His affection for his mother's zilch. She threw him from a double decker bus when he was 2.
All that's a long way from how Bromhead fits into Rotorua's Our People niche but he's very much one of us. A lot of his work's come from his studio at the Lake Okareka home he's owned 35 years.
"When I was looking for a holiday place I was more attracted to the lakes than the sea, don't ask me why, it's a psychological thing. I've always spent a lot of time here, when my second marriage ended we had this, a Waikato lifestyle block, a place at Pauanui, I lost the others, kept Okareka.
"With another break up I'm back, you could call it my divorce bunker. I guess owning it makes me a fully-fledged Rotorua-ite."
Would it be wrong to call him a man of property? "I've been quite wealthy, gone from zero, to wealth, back to zero. I've had Mercs, Jags, now a Skoda, an old Mitsubishi truck are my vehicles of choice."
His wealth-base came from Bromhead Design, a multi-million dollar enterprise at its zenith; its recent liquidation came close to the demise of his marriage.
"May wasn't a good month."
Another Rotorua link comes via Waiariki Institute of Technology (WIT).
Saluting his industrial design skills (he honed the craft in England and Scandinavia) he was invited to become designer-in-residence.
"The then CEO wanted the whole design criteria invigorated, I got together with some wealthy people, they put up $3 million to build a new design school in Taupo, I had Stanford [US University] on board but the next CEO didn't have a clue, wanted to incorporate hairdressing."
The project fizzled but by then Bromhead had been accorded a WIT honorary degree in industrial design.
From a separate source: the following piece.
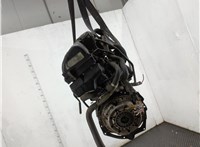  Двигатель (ДВС) Nissan Micra K12E 2002-2010 21320219 #7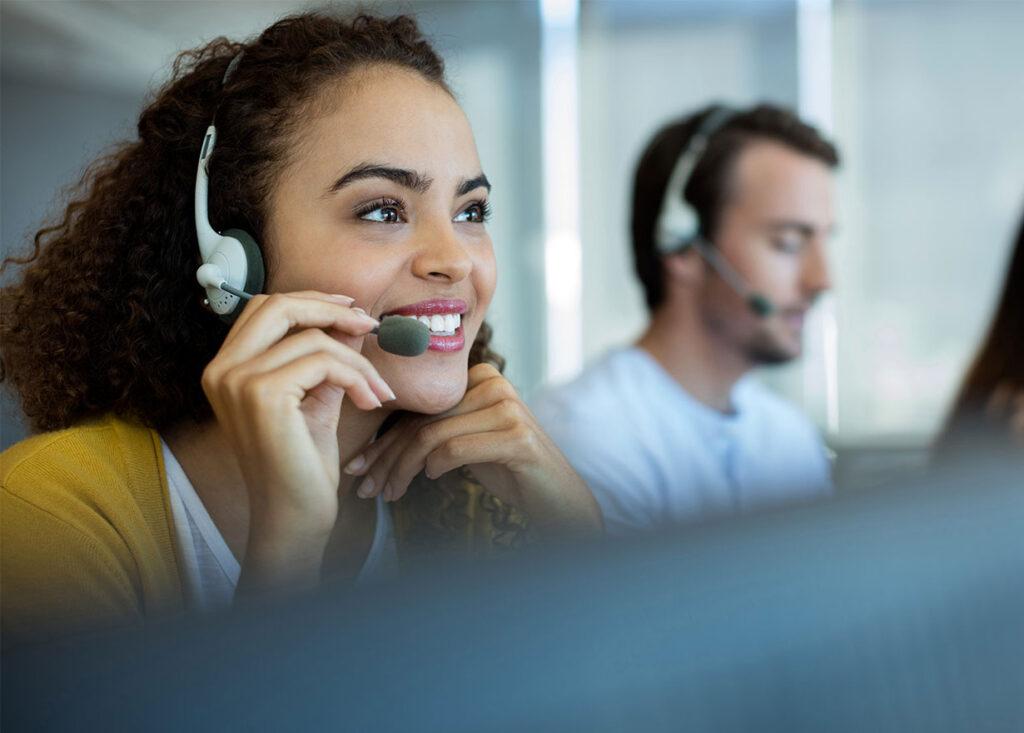 servicio-al-cliente-centro-mipymes-adopem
Thereby hangs another tale.
"The day before the [installation] ceremony they said they didn't have the correct gown, would I wait until the next graduation? I was happy about that, I was using the title but wanted proof I was entitled to, getting no response from the new CEO, my solicitor wrote, then I thought `bugger it, if it takes a lawyer's letter I won't bother'."
Both hemispheres have honoured him. He's a member of the New Zealand's Order of Merit for services to cartooning; Denmark's presented him with a Prince Hendrikse Medal for industrial design.
It's three lesser accolades that genuinely impress him, one followed a colonoscopy declaring his bowels "well prepared".
A second certificate came a couple of weeks ago, confirming he's a `fit and proper' person to have access to his young sons.
"I was sent on this parenting course, good Lord, I've been a parent since the 1950s. Those two certificates and a neck tag from a recent literary event declaring me a writer are on my studio wall, the medals are in a drawer somewhere."
Bromhead, four score years and three, surely not? "I don't feel it, that's the problem."
PETER BROMHEAD ONZM
Born: Portsmouth, UK, 1933.
Education: Locally, Naval College.
Family: Four sons, three daughters. "There're 54 years between my oldest and youngest."
Interests: Writing, writing, writing, drawing, painting (has won Benson & Hedges art award and is represented in major galleries), cooking, tennis "a hernia wrote off my playing days."
On cartooning: "It's like taking your brain on an exercycle."
On Rotorua: "Living here's economical, a meat pie's $5, in Auckland $7-$8, I owe my 83 years to a steady diet of pies, chips and bad food."
Personal philosophy: "It's very important to be well mannered."